NASA’s Juno spacecraft has sent back the first-ever images of Jupiter’s north pole, taken during the spacecraft’s first flyby of the planet with its instruments switched on. The images show storm systems and weather activity unlike anything previously seen on any of our solar system’s gas-giant planets.
Juno successfully executed the first of 36 orbital flybys on Aug. 27 when the spacecraft came about 2,500 miles (4,200 kilometers) above Jupiter’s swirling clouds. The download of six megabytes of data collected during the six-hour transit, from above Jupiter’s north pole to below its south pole, took one-and-a-half days. While analysis of this first data collection is ongoing, some unique discoveries have already made themselves visible.
Image above: NASA's Juno spacecraft captured this view as it closed in on Jupiter's north pole, about two hours before closest approach on Aug. 27, 2016. Image Credits: NASA/JPL-Caltech/SwRI/MSSS.

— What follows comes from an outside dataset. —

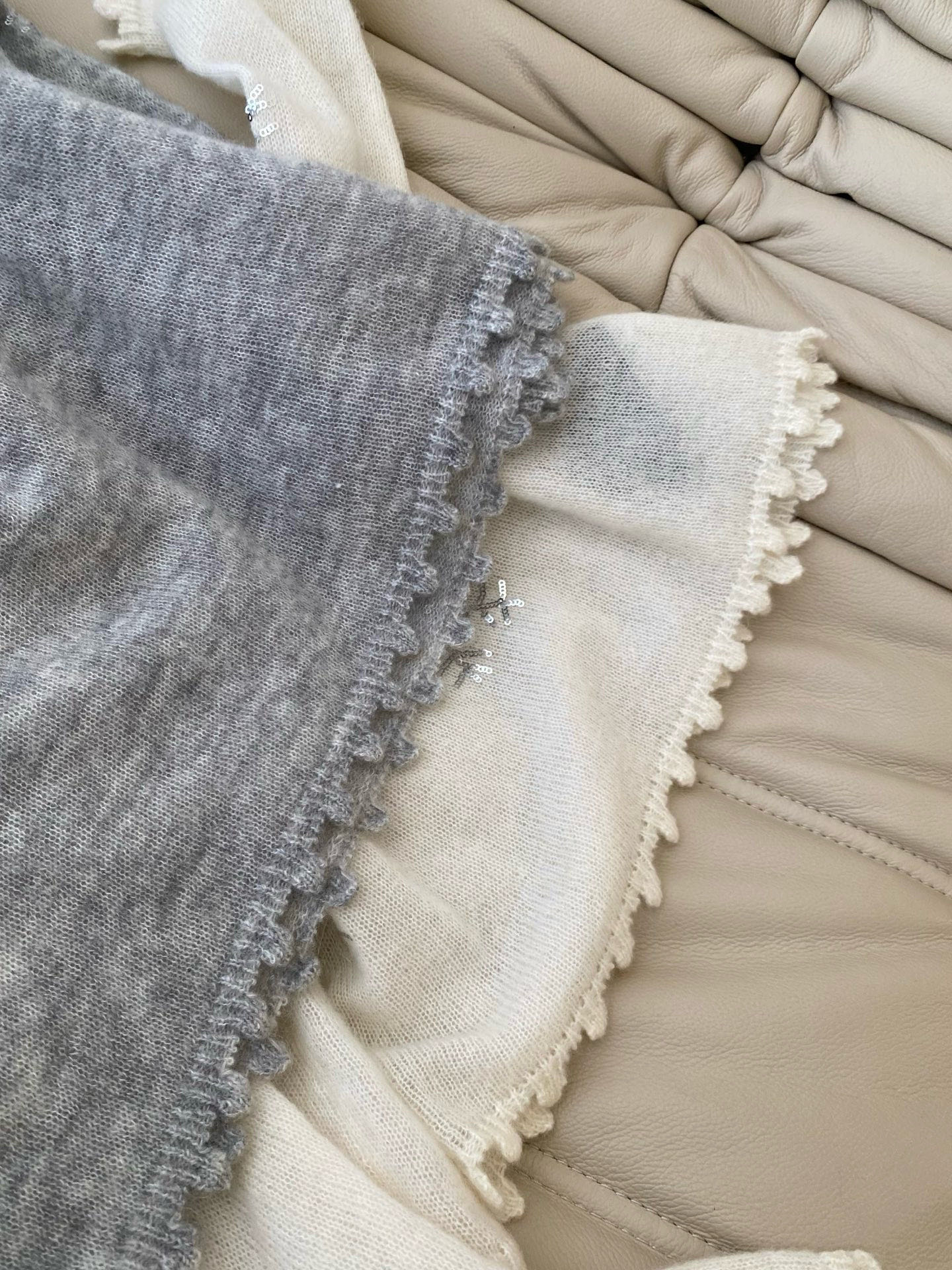26SS 早春绣珠片针织衫  手工雪花纹样绣珠片闪着细闪 领口袖口下摆的毛边设计又添了几分灵动 喇叭袖上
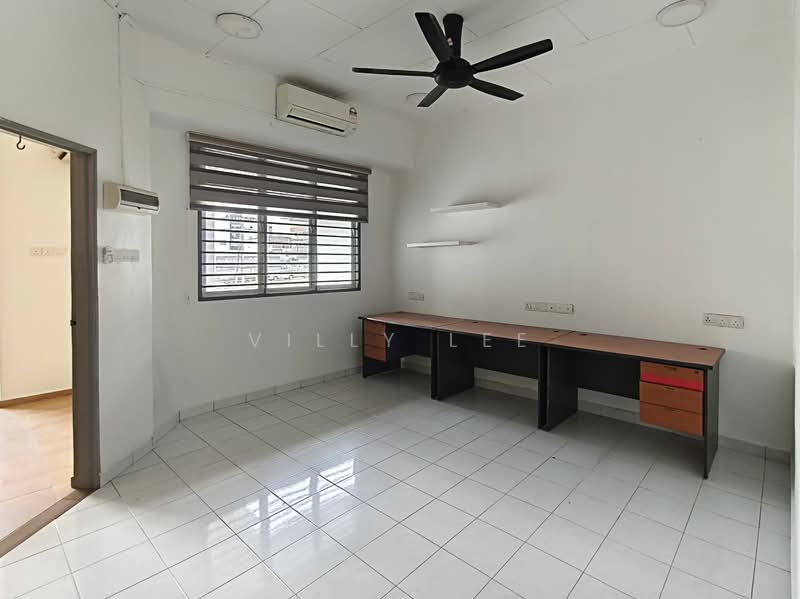 2-storey Terraced House for Rent in Taman Johor Jaya (Johor Bahru) - Villy Lee - Study - PropertyGuru.com.my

“First glimpse of Jupiter’s north pole, and it looks like nothing we have seen or imagined before,” said Scott Bolton, principal investigator of Juno from the Southwest Research Institute in San Antonio. “It’s bluer in color up there than other parts of the planet, and there are a lot of storms. There is no sign of the latitudinal bands or zone and belts that we are used to -- this image is hardly recognizable as Jupiter. We’re seeing signs that the clouds have shadows, possibly indicating that the clouds are at a higher altitude than other features.”
One of the most notable findings of these first-ever pictures of Jupiter’s north and south poles is something that the JunoCam imager did not see.
Image above: Juno was about 48,000 miles (78,000 kilometers) above Jupiter's polar cloud tops when it captured this view, showing storms and weather unlike anywhere else in the solar system. Image Credits: NASA/JPL-Caltech/SwRI/MSSS.
“Saturn has a hexagon at the north pole,” said Bolton. “There is nothing on Jupiter that anywhere near resembles that. The largest planet in our solar system is truly unique. We have 36 more flybys to study just how unique it really is.”
Along with JunoCam snapping pictures during the flyby, all eight of Juno’s science instruments were energized and collecting data. The Jovian Infrared Auroral Mapper (JIRAM), supplied by the Italian Space Agency, acquired some remarkable images of Jupiter at its north and south polar regions in infrared wavelengths.
Image above: This infrared image from Juno provides an unprecedented view of Jupiter's southern aurora. Such views are not possible from Earth. Image Credits: NASA/JPL-Caltech/SwRI/MSSS.
“JIRAM is getting under Jupiter’s skin, giving us our first infrared close-ups of the planet,” said Alberto Adriani, JIRAM co-investigator from Istituto di Astrofisica e Planetologia Spaziali, Rome. “These first infrared views of Jupiter’s north and south poles are revealing warm and hot spots that have never been seen before. And while we knew that the first-ever infrared views of Jupiter's south pole could reveal the planet's southern aurora, we were amazed to see it for the first time. No other instruments, both from Earth or space, have been able to see the southern aurora. Now, with JIRAM, we see that it appears to be very bright and well-structured. The high level of detail in the images will tell us more about the aurora’s morphology and dynamics.”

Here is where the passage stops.